Отныне Габриель, оставив привычку залеживаться в постели за полдень, с невероятной энергией и прилежанием стала брать уроки у Этьена, делая все, чтобы доставить ему удовольствие.
Каждое утро на заре, будь хоть дождь, хоть ветер, она со всеми остальными членами компании вела лошадей на тренировку. Со своей стороны, она училась определять их ценность, как и ценность жокеев, которые их выезжают. Она быстро научилась правильно держаться в седле, запоминая, как десять заповедей, рекомендации Этьена: «Представь-ка себе – если ты способна на такое, – что ты держишь в руках пару драгоценных фарфоровых ваз и не можешь ни за что схватиться, чтобы удержаться». …Полстолетия спустя Коко еще будет помнить эту живописную формулу – больше даже, она находила в воспоминании о ней некое удовольствие. Она и сама давала ему рекомендации:
– Когда скачешь в дождь, закрывай один глаз! Если залепит лицо грязью, останется чем смотреть на дорогу…
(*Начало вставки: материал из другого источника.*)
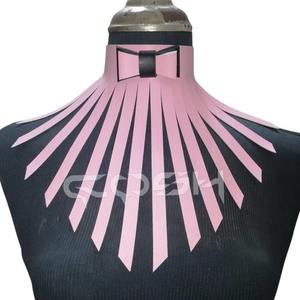 Fabricante personalizado de collar de cuero sintético rosa con flecos y lazo - Product Image 6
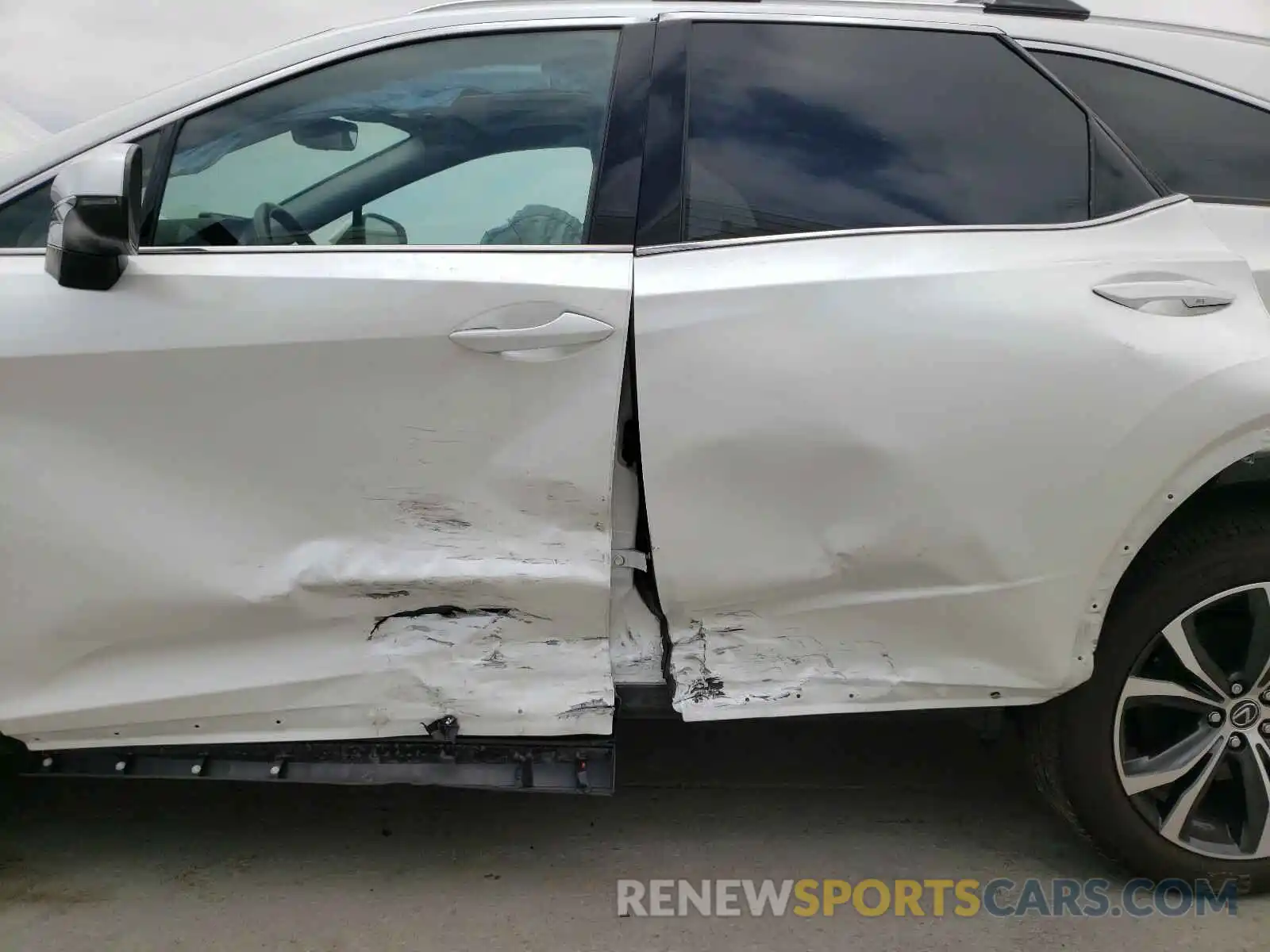 9 Photograph of a damaged car JTJHZKEA4L2014348 LEXUS RX350 2020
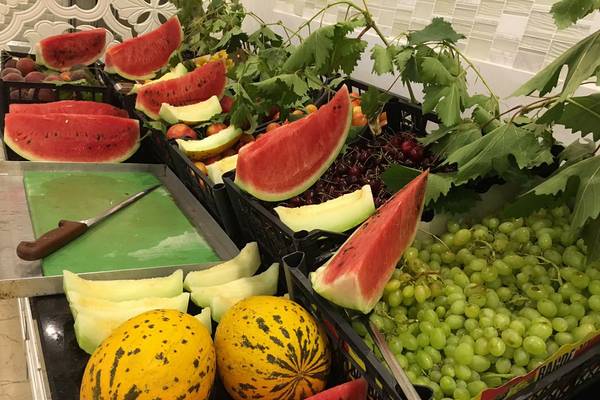 Obstkorb im Riviera Hotel & Spa mit Wassermelonen, Trauben, Melonen und Pfirsichen.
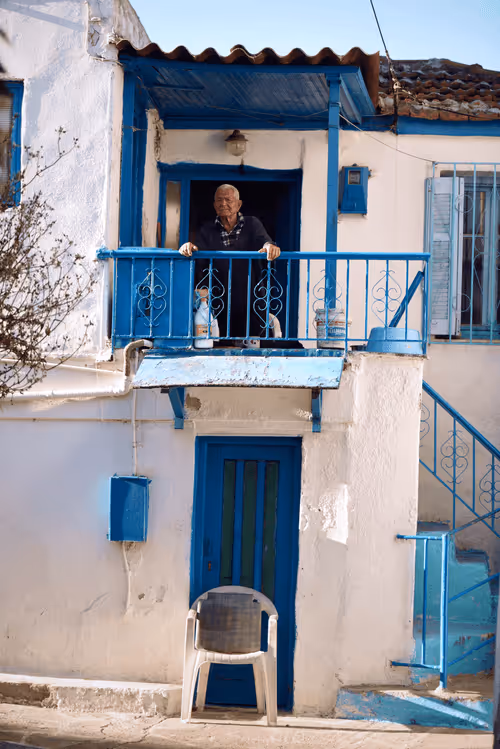 Item #51907903078875061397759151302162446718757019218421680227340286050094377074689 Media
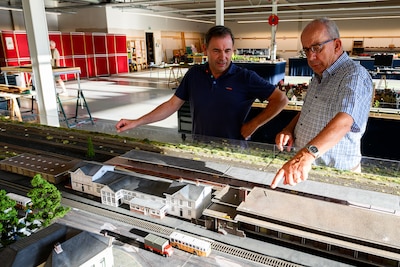 Leden Bergse modelspoorclub leven zich helemaal uit in nieuw onderkomen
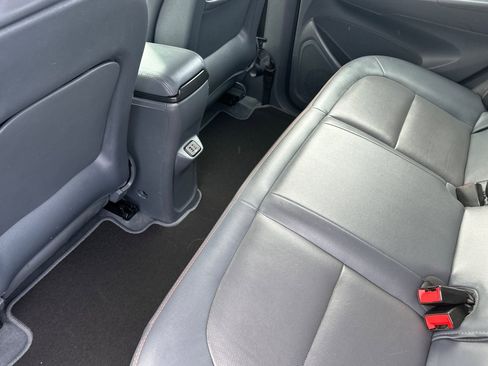 Used 2019 Chevrolet Bolt Premier w/ Infotainment Package image 15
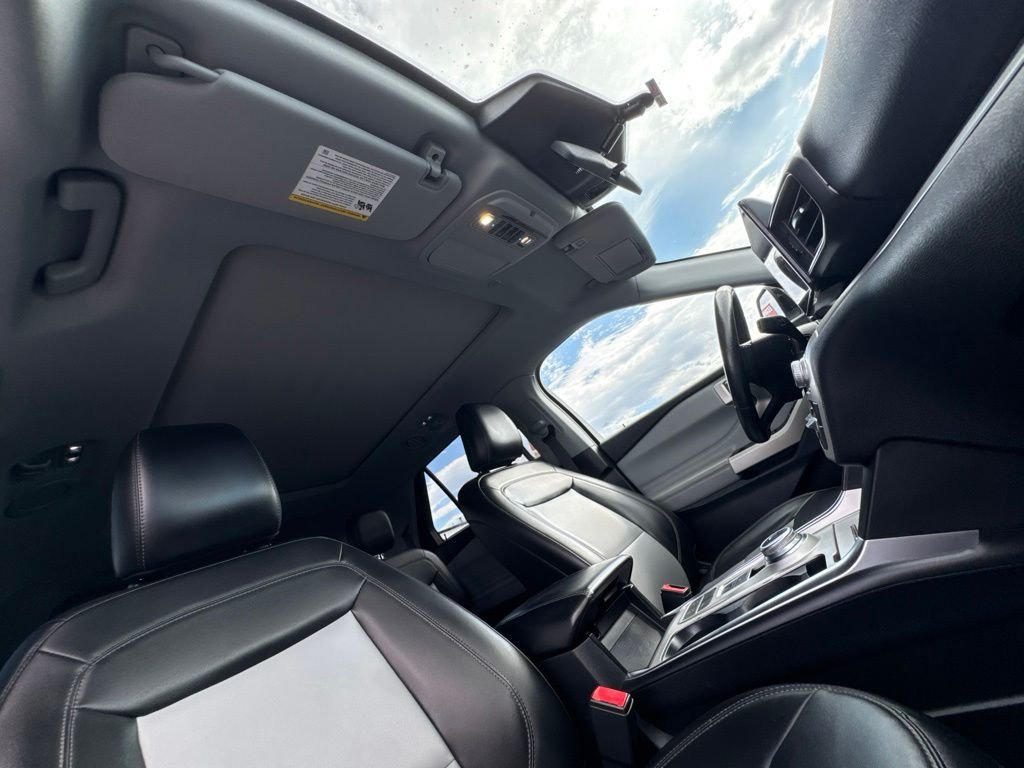 Used 2022 White Ford XLT image 28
В какие-нибудь несколько месяцев Коко стала замечательной кавалеристкой. Ее молниеносный прогресс произвел живейшее впечатление на Этьена и его товарищей. Что ж, у нее врожденный талант к этому спорту? Да, конечно, но к тому же еще и страсть, упорство и гордость. Она хочет сделаться лучшей, и это ей удается.